▶ _Exercise instructions_
Print the line containing "Focusrite Scarlett Solo (2° geração)", then every line after it through the end of the material, exactly as written and without pictures.

▶ _Available data_
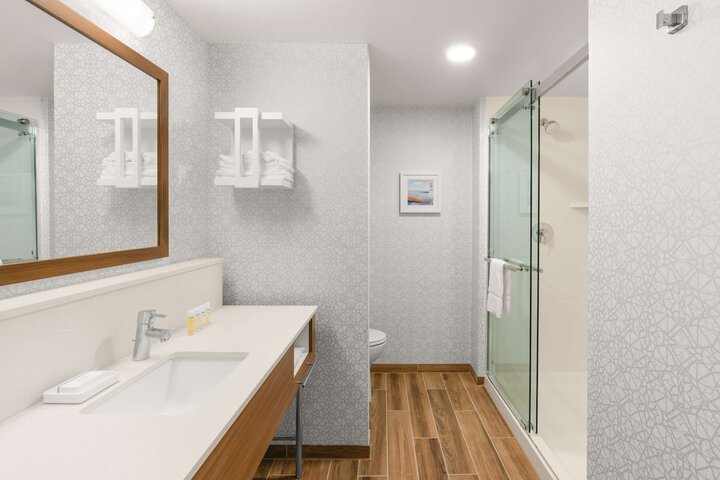 Room 20 of 34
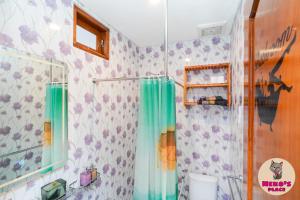 Ένα μπάνιο στο Living with Locals +9 φωτογραφίες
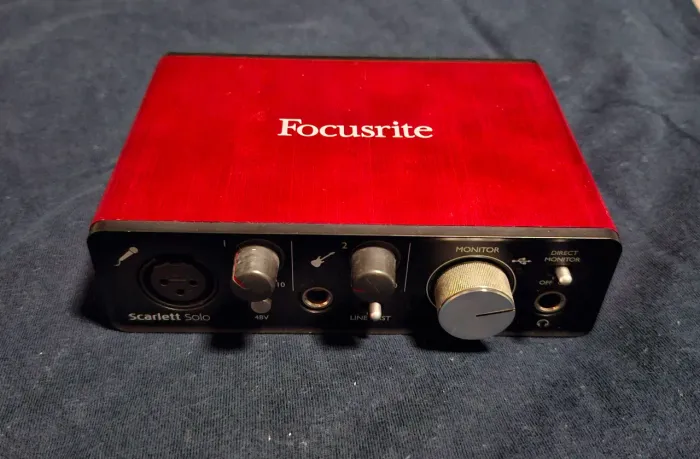 Focusrite Scarlett Solo (2° geração)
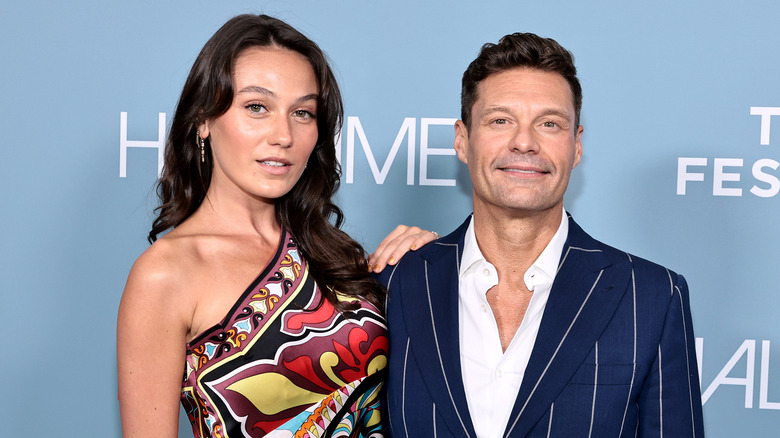 Ryan Seacrest et Aubrey Paige posent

▶ _Final answer_
 Focusrite Scarlett Solo (2° geração)
 Ryan Seacrest et Aubrey Paige posent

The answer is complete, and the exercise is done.